Overselling the Web? Development and the Internet is being published in September 2006.  The book discusses the role of the Internet in development, and policies designed to increase its impact.  The widespread and rapid adoption of the Internet in the developing world suggests that there are real opportunities presented by the new technology.  At the same time, Overselling the Web suggests that the overall impact may be smaller than commonly thought and that policymakers should be wary of large-scale subsidies, tax breaks and rollout programs.

Here are the preface and Chapter One.  Here's the publisher's blurb, a couple of reviews and a link to the Library Journal's 50 best business books of 2006, where it appears.  And here is a short summary article in ITID based on the book.  Chapter summaries are available in the Overselling the Web category page (look to your left).

Overselling the Web Chapter One: Will the Internet Change the World?

Chapter One of Overselling the Web? looks at some predictions regarding the impact of the Internet on development.  George Gilder chose December 31st, 1999 most suitably to suggest the change might be millenarian:

With any technology that will change the world so radically as the Internet… religious wars are important and inescapable….The twentieth century has been an era when an atheistic belief in the ultimacy of matter and the triviality of man led to the horrors of Nazism, Communism, and an epoch of total war. Now sweeping through the global economy, the overthrow of matter will unleash an undertow of religious belief that will make the new millennium a time of awakening to the oceanic grandeur and goodness of the universe...

Thomas Friedman hasn't gone quite as far, but he, too, has been pretty optimistic:   “We are now in a period of radical change, possibly more sweeping and complex than any period since 1776-1789.”  Technology, he argues, “is shrinking the world from a size medium to a size small.”  At the same time, it “turns out that the real secret of success in the information age is what it always was: fundamentals -- reading, writing and arithmetic, church, synagogue and mosque, the rule of law and good governance.”  Indeed, these basics have got even more important.  “Just when the developing world is coming to really grasp that it has no choice but to get itself ready to climb aboard this train… the train is going to get faster -- not slower -- as the developing world moves toward Internet-based commerce, communication and learning systems. What's worse, no one can slow the train down, because the world economy today is just like that Internet: everybody is connected but nobody is in charge.”
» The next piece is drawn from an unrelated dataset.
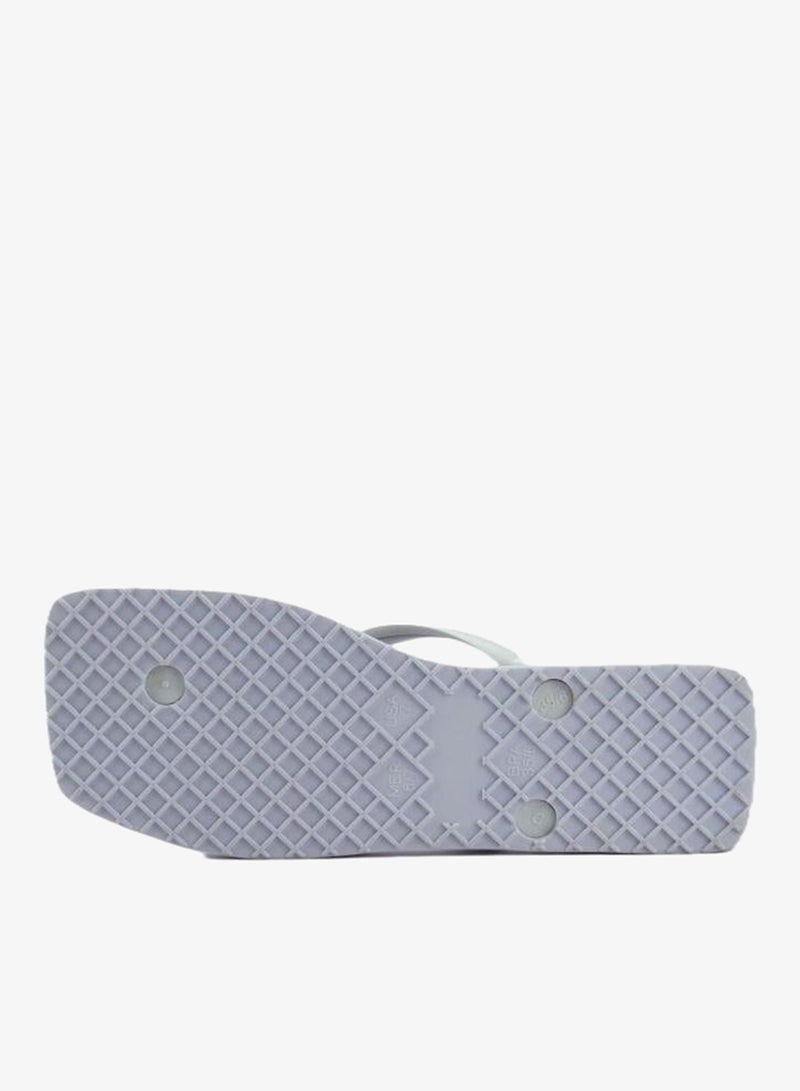 Voices Slim Amalfi Women'S Flip Flops With Square Shape Printed Sole - White - Image 5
The potential of the Internet as a force for development was the focus of a G-8 meeting as well as a UN Summit (in two parts).  It has catalyzed aid programs and any number of "e-readiness assessments."  All of this activity is based on what might be termed the "Okinawa Consensus":

The Internet and related technologies present a significant opportunity for developing countries to improve their growth prospects.  Indeed, the Internet may be a ‘leapfrog’ technology –one that creates an opportunity for developing countries to catch up economically with the industrial world.  The technology is a powerful tool to improve government service delivery, education, and income-earning opportunities even for the world’s poorest people.  Given that, poor country governments (in partnership with the private sector and with the help of donors) need to dedicate significant resources to expanding the use of the Internet, especially in government and education and especially to reach the poor.  There is also a role to promote Internet industries through technology parks, and Internet use through public access programs such as putting computers in libraries and building stand-alone Internet access points. 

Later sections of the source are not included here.